Collected data entries
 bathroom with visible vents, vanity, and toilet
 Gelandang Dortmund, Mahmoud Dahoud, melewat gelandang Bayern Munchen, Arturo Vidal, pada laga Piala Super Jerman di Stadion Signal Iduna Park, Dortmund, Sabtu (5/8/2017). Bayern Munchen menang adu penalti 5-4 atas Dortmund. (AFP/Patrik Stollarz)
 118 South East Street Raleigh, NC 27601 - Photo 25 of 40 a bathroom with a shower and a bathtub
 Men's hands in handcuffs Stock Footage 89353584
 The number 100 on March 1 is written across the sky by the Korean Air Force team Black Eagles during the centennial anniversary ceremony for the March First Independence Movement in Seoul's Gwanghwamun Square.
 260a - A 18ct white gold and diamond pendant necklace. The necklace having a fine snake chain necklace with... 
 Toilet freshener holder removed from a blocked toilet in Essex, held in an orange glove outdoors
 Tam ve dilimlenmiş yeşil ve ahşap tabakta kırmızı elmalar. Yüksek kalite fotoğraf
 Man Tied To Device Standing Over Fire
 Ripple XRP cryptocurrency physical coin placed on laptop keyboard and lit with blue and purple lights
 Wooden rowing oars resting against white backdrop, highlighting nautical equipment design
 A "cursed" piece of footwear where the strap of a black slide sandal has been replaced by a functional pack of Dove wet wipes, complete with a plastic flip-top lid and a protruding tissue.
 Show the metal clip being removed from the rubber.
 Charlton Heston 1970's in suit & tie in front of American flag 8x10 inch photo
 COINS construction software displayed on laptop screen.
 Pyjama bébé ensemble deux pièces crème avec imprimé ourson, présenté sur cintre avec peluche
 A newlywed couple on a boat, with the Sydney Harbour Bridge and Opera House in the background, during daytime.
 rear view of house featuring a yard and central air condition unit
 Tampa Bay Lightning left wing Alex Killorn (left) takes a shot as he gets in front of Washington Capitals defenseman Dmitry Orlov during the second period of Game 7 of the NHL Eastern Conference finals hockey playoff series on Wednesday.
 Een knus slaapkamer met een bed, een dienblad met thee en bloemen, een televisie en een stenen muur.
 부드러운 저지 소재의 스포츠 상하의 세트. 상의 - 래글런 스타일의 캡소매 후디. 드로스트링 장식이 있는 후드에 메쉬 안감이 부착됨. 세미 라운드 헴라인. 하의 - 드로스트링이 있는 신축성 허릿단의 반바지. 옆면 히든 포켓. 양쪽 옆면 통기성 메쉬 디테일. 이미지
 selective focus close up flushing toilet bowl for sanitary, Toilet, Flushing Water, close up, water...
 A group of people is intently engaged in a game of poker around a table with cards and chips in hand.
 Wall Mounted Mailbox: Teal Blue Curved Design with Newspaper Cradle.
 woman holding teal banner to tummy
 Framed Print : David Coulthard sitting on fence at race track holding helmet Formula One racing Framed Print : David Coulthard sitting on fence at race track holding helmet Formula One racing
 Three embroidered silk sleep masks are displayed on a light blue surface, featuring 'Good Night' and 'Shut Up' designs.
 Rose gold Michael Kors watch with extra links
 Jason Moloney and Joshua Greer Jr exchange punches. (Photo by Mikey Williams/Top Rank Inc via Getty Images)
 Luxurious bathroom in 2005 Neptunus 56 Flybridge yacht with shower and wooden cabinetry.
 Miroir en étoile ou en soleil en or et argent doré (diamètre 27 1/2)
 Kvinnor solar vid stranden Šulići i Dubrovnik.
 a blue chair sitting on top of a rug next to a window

→ **What is needed**
The records above are to be copied out exactly, line for line.

→ **Exercise answer**
 bathroom with visible vents, vanity, and toilet
 Gelandang Dortmund, Mahmoud Dahoud, melewat gelandang Bayern Munchen, Arturo Vidal, pada laga Piala Super Jerman di Stadion Signal Iduna Park, Dortmund, Sabtu (5/8/2017). Bayern Munchen menang adu penalti 5-4 atas Dortmund. (AFP/Patrik Stollarz)
 118 South East Street Raleigh, NC 27601 - Photo 25 of 40 a bathroom with a shower and a bathtub
 Men's hands in handcuffs Stock Footage 89353584
 The number 100 on March 1 is written across the sky by the Korean Air Force team Black Eagles during the centennial anniversary ceremony for the March First Independence Movement in Seoul's Gwanghwamun Square.
 260a - A 18ct white gold and diamond pendant necklace. The necklace having a fine snake chain necklace with... 
 Toilet freshener holder removed from a blocked toilet in Essex, held in an orange glove outdoors
 Tam ve dilimlenmiş yeşil ve ahşap tabakta kırmızı elmalar. Yüksek kalite fotoğraf
 Man Tied To Device Standing Over Fire
 Ripple XRP cryptocurrency physical coin placed on laptop keyboard and lit with blue and purple lights
 Wooden rowing oars resting against white backdrop, highlighting nautical equipment design
 A "cursed" piece of footwear where the strap of a black slide sandal has been replaced by a functional pack of Dove wet wipes, complete with a plastic flip-top lid and a protruding tissue.
 Show the metal clip being removed from the rubber.
 Charlton Heston 1970's in suit & tie in front of American flag 8x10 inch photo
 COINS construction software displayed on laptop screen.
 Pyjama bébé ensemble deux pièces crème avec imprimé ourson, présenté sur cintre avec peluche
 A newlywed couple on a boat, with the Sydney Harbour Bridge and Opera House in the background, during daytime.
 rear view of house featuring a yard and central air condition unit
 Tampa Bay Lightning left wing Alex Killorn (left) takes a shot as he gets in front of Washington Capitals defenseman Dmitry Orlov during the second period of Game 7 of the NHL Eastern Conference finals hockey playoff series on Wednesday.
 Een knus slaapkamer met een bed, een dienblad met thee en bloemen, een televisie en een stenen muur.
 부드러운 저지 소재의 스포츠 상하의 세트. 상의 - 래글런 스타일의 캡소매 후디. 드로스트링 장식이 있는 후드에 메쉬 안감이 부착됨. 세미 라운드 헴라인. 하의 - 드로스트링이 있는 신축성 허릿단의 반바지. 옆면 히든 포켓. 양쪽 옆면 통기성 메쉬 디테일. 이미지
 selective focus close up flushing toilet bowl for sanitary, Toilet, Flushing Water, close up, water...
 A group of people is intently engaged in a game of poker around a table with cards and chips in hand.
 Wall Mounted Mailbox: Teal Blue Curved Design with Newspaper Cradle.
 woman holding teal banner to tummy
 Framed Print : David Coulthard sitting on fence at race track holding helmet Formula One racing Framed Print : David Coulthard sitting on fence at race track holding helmet Formula One racing
 Three embroidered silk sleep masks are displayed on a light blue surface, featuring 'Good Night' and 'Shut Up' designs.
 Rose gold Michael Kors watch with extra links
 Jason Moloney and Joshua Greer Jr exchange punches. (Photo by Mikey Williams/Top Rank Inc via Getty Images)
 Luxurious bathroom in 2005 Neptunus 56 Flybridge yacht with shower and wooden cabinetry.
 Miroir en étoile ou en soleil en or et argent doré (diamètre 27 1/2)
 Kvinnor solar vid stranden Šulići i Dubrovnik.
 a blue chair sitting on top of a rug next to a window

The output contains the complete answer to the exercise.